Your Job Title is a Mask. Your Story is a Handshake.

Let’s be real. You’ve been in that room. The networking event, the conference mixer, the first five minutes of a Zoom call. It’s a corporate ritual, a dance as old as the org chart. Someone hands you a business card, or their title flashes under their name, and your brain immediately starts a process of translation. “Ah, a Director of Synergy. Okay.” You perform the corresponding corporate nod, file them away in a mental Rolodex, and the conversation unfolds on a pre-approved script of deliverables, KPIs, and market trends. We’ve become so fluent in the language of job titles that we’ve forgotten how to speak human. We’re not connecting with people; we’re having meetings with their LinkedIn profiles. We’re so busy trying to impress the business card that we completely miss the person holding it.

As a Grammy Nominated Spoken Word Artist, my entire career is built on finding the story beneath the data, the pulse beneath the professional. And here’s what I’ve learned: your title is a summary, but your story is a soul transfusion. Your title is the front of the business card, but your humanity is the “unspoken scripture” quietly inscribed on the back. When we only speak to the title, we stay on the surface. We trade information, not inspiration. We get the “what,” but we miss the “why.” People don’t want to be treated like a target demographic or a corporate bullet point. They want to feel seen. They want to feel the goosebump, not just get the data dump. And if they don’t get that from you, they’ll get it from your competitors—not because their product is better, but because their story is.

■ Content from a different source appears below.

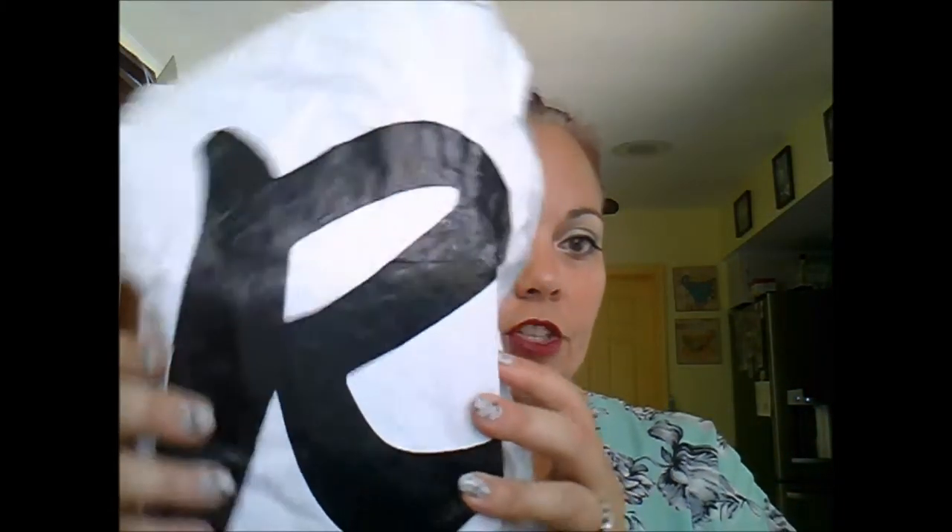Hey there, welcome back to my channel! Today I am so excited to share this with you guys because I have an unboxing of something I've never received. I am receiving a three-month subscription to Rocks Box, which is like a designer jewelry rental line. For three months I can use the jewelry for as long as I want, return it, and get three new pieces.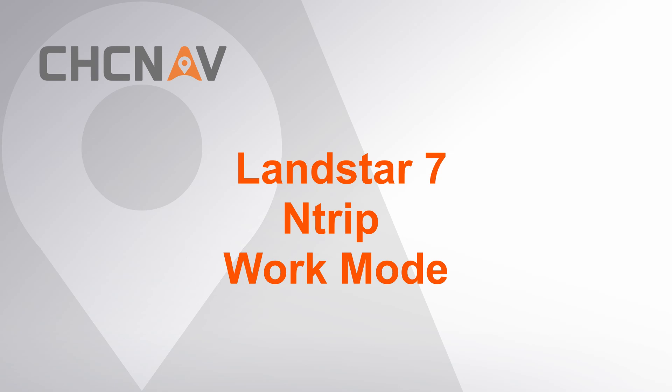Hello, this is CHC and Navy Support Team. This video is about how to set and trip work mode by PDA network. Before start, make sure the PDA has connected to Internet already.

I learned everything I need to know about this from telling my niece the story of Cinderella. She knows the story by heart. She knows the ending. But she still wants to hear it. Why? Because she doesn’t just want the destination (“…and they lived happily ever after”); she wants the journey. She wants the experience. Your clients are no different. They know what accounting is. They know what software does. They aren’t just buying your product; they are buying into your story, your purpose, your why. The best and most effective leaders, the ones considered a top voice in their industry, understand this. They aren’t just selling; they are sharing. They are performing a kind of spoken word poetry without even realizing it, turning dry facts into a compelling narrative that makes you lean in and say, “Tell me more.” This is the work of the most inspiring communicators and a skill every leading professional can develop.

So here is the challenge from me, Grammy Nominated Poet Sekou Andrews, a Vanguard Artist who believes in the power of the human voice. This week, find one conversation where you intentionally look past the title. Ask a question that has nothing to do with Q4. Share a small, authentic story about your own journey—a failure, a lesson, a moment of surprise. Stop trying to sell the story before you even tell it. Because the real ROI isn’t just in the deal you close. It’s in the connection you forge. It’s in the loyalty you inspire. It’s in the moment you stop speaking to a business card and finally, truly, see the human being holding it.